**TASK OBJECTIVE:** Only certain lines below are wanted: those starting at the line containing "Cos d'Estournel 2ème" and ending at the line containing "Open Orange Lily mockup 9", both included, each retyped exactly.

**AVAILABLE DATA:**
^^^^^^^^^^^^^^^^

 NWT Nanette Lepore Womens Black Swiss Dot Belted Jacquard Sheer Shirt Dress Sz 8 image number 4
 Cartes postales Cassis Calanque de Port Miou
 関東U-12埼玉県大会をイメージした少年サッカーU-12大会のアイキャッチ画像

^^^^^^^^^^^^^^^^

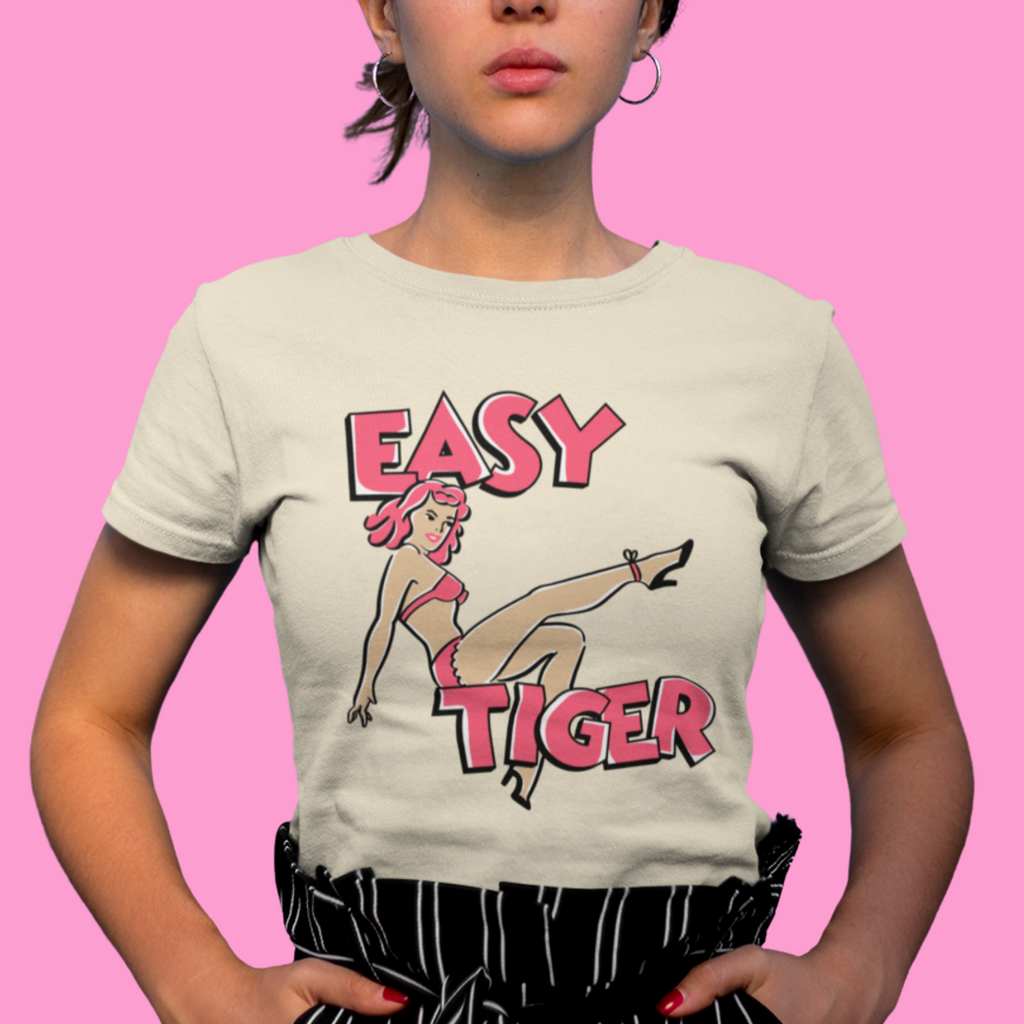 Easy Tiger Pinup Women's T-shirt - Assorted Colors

^^^^^^^^^^^^^^^^

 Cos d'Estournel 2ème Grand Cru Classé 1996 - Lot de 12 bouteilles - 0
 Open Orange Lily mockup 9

^^^^^^^^^^^^^^^^

**EXERCISE ANSWER:**
 Cos d'Estournel 2ème Grand Cru Classé 1996 - Lot de 12 bouteilles - 0
 Open Orange Lily mockup 9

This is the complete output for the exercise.